The invention relates to a height-adjustable support for semitrailers or the like, comprising a locally fixed external support tube, an internal support tube, which is fixed to a nut on a spindle, the spindle being driven by a change-over gear and a bevel gear assembly. The change-over gear has two gear wheel stages which can be alternately activated, a separate gear stage comprising bevel gear toothing being provided for the distribution of forces after each gear wheel stage.
Supports of this type are disposed, generally in paired arrangement, as a supporting apparatus in the front region of the semitrailer.
An apparatus of this type is known from EP 0 675 0029. Here the speed-change gear mechanism is accommodated in a housing attached to the front of the support outer tube. The transmission input shaft and the transmission output shaft, on which the gearwheels are seated in a rotationally secure manner, are mounted respectively in the housing and in that wall of the support outer tube which lies opposite the housing. The transmission input shaft is in this case disposed below the bevel gear set, and alongside the spindle. The transmission output shaft is located above the ring gear, in whose upwardly directed toothing the bevel pinion seated in a rotationally secure manner on the transmission output shaft engages. The transmission input shaft can be rotated by means of a crank handle. The large gearwheel fitted on the transmission input shaft is provided in engagement with the smaller gearwheel, seated on the transmission output shaft, for a rapid height adjustment of the support; and the transmission generated by the pinion on the transmission input shaft with the large gearwheel on the gearwheel set of the transmission output shaft serves for the height adjustment of the support under load. Both in low-speed gear and in the faster height adjustment of this apparatus, the further power flow is effected via the bevel gear set to the spindle drive, and this apparatus is very bulky.

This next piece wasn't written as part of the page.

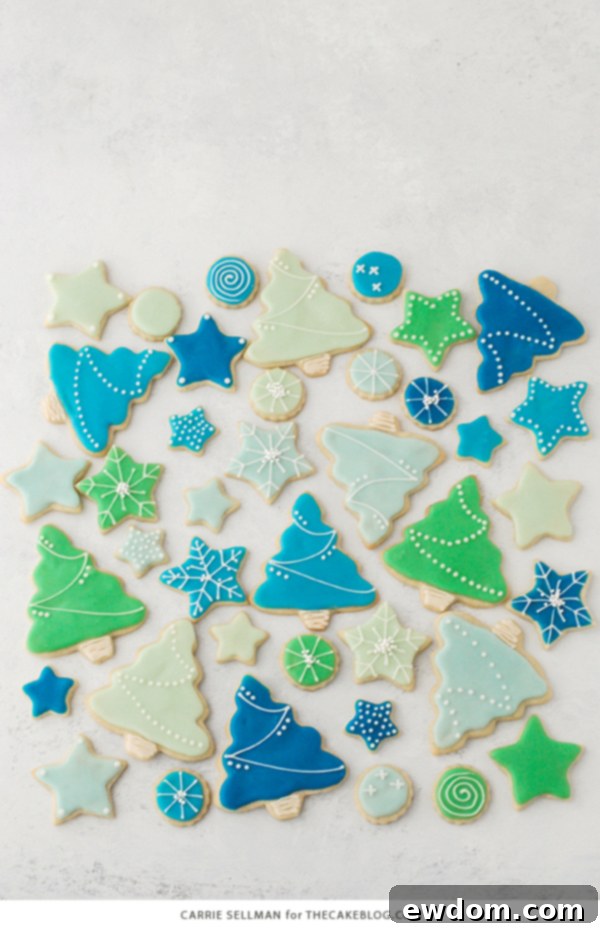 Sweet Cookie Canvas 13 Decorated Sugar Cookies - vanilla bean sugar cookies with a simple glaze icing for easy yet beautiful Christmas cookies | by Carrie Sellman for TheCakeBlog.com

A pair of supports of the generic type is also known from EP 1 104 369 B1. The speed-change gear mechanism of this so-called apparatus for supporting the semitrailer of a truck tractor is disposed almost fully within the support, the transmission input shaft and the spindle disposed, for this purpose, outside the middle of the support being mounted in a common pillow block. The transmission input shaft and the transmission output shaft are mounted in a large cover, which is attached in protruding arrangement on the front wall of the support outer tube and which is also necessary to enlarge the installation space for the speed-change gear mechanism. The transmission input shaft arranged pointing to the spindle has a pinion, which engages in a large-diameter gearwheel of a gear set integral with the transmission output shaft and effects the transmission for a height adjustment under load. A further large-diameter gearwheel, which is mounted concentrically to the transmission input shaft, can be coupled and driven, following axial displacement of the transmission input shaft, by means of the pinion thereof. This latter large-diameter gearwheel hereupon engages in the pinion which belongs to the gear set of the transmission output shaft and via which the transmission for a faster adjustment of the support without load is realized. Disposed in a rotationally secure manner on the upper end of the spindle is a ring gear, in whose upward-pointing toothing the bevel pinion of the above-situated transmission output shaft engages. Here too, the bevel gear set is the second transmission stage both for the low-speed gear and for the faster adjusting process for the support.
In these known supports, it is particularly disadvantageous that behind the speed-change gear mechanism the power flow is effected always, i.e. both in the adjustment under load, the lifting process, and in the fast adjustment, the load-free height adjustment process, via one and the same bevel gear stage. Based on its large step-down ratio, the bevel gear stage is actually only fit for the lifting process. The result is that, in the previous transmission design for such supports, the speed increase attained via the step-up gear stage of the speed-change gear mechanism is very largely cancelled out by the step-down of the bevel gear set. And that the following spindle drive extends or retracts the support inner tube only at relatively moderate speed, even though this unsatisfactory process is referred to throughout the industry, for time-saving purposes, as the high-speed gear.
The object of the invention is to provide a height-adjustable support for semitrailers, which support has a particularly high high-speed gear in order to achieve a significant time gain, and in which all transmission parts are accommodated in the support outer tube without the need for a structural expenditure which enlarges the installation space.